André was billed as being undefeated, which was presumably untrue but functionally valid; he certainly never lost a straight singles match to pinfall or submission during this period. He didn’t need to, though — he would elevate his opponents in the audience’s eyes just by letting them get in a few good minutes against the giant. As Jerry “the King” Lawler, one of the many local heroes to get the rub from André, put it to Krugman: “He’d let you do anything you wanted in a match. Other than beat him… But if he didn’t like you, he’d make you look like crap, and there wasn’t anything anyone could do about it.” This became a pattern in André’s career, the willingness to make his opponent look good, unless he personally disliked the guy. The explanations for this are assorted — that André was protective of his place on top of the food chain, that André respected the tradition of wrestling and detested anyone who didn’t — but the result was a legend of André’s temperament that was less a story of personality dispute and more like the old tales of the angry and unpredictable Greek gods. And if you were one of the unlucky few whom André decided to smite, well, god help you.
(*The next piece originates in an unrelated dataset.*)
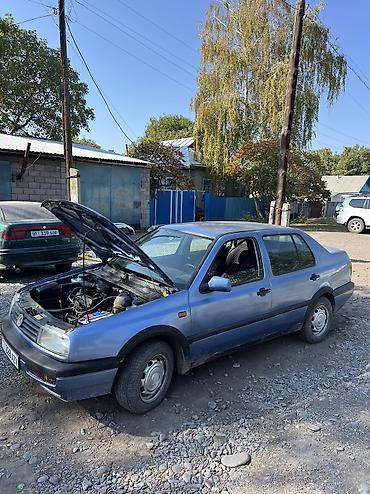 Volkswagen: Volkswagen Vento: 1992 г., 1.8 л, Механика, Седан — 1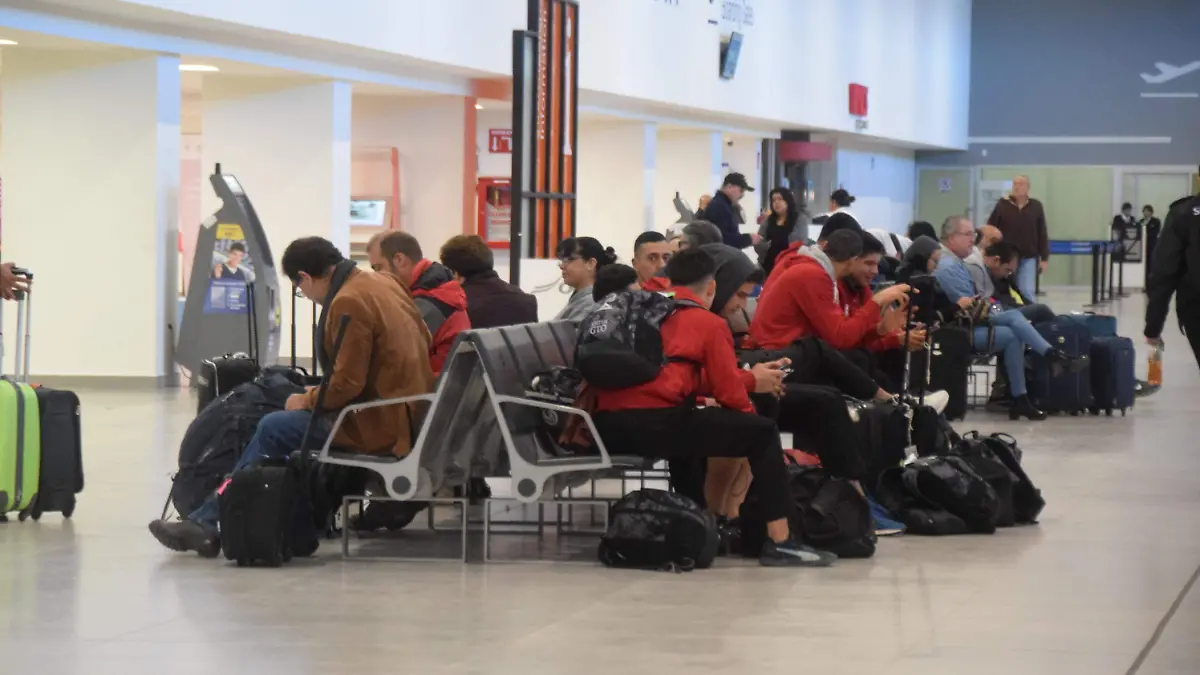 Viajeros llegadas aeropuerto de chihuahua (21)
By this time, André was undeniably a megastar. In 1974, the Guinness Book of World Records named him the highest paid professional wrestler, with a one-year take of $400,000. The Washington Redskins offered him a tryout — and even viewed as a publicity stunt, it shows the degree of André’s celebrity. He appeared (in costume) onThe Six Million Dollar Man, playing a dastardly Sasquatch. In 1976, on the night that Muhammad Ali fought Japanese pro wrestler Antonio Inoki in a terribly ill-conceived inter-disciplinary match, André fought ham-and-egger Chuck Wepner (the inspiration for the Rocky movies) in Shea Stadium.



  1. E R E March 24, 2010 at 4:20 pm

    I will be forever proud that the Andre The Giant Has A Posse movement sprung from my hometown — Providence, RI. (Mr. Fairey's later "efforts" being somewhat less praiseworthy.)

  2. REPLY
  3. LL March 27, 2010 at 4:59 pm

    I once saw Harley Race pick up and body slam Andre the Giant. Unreal.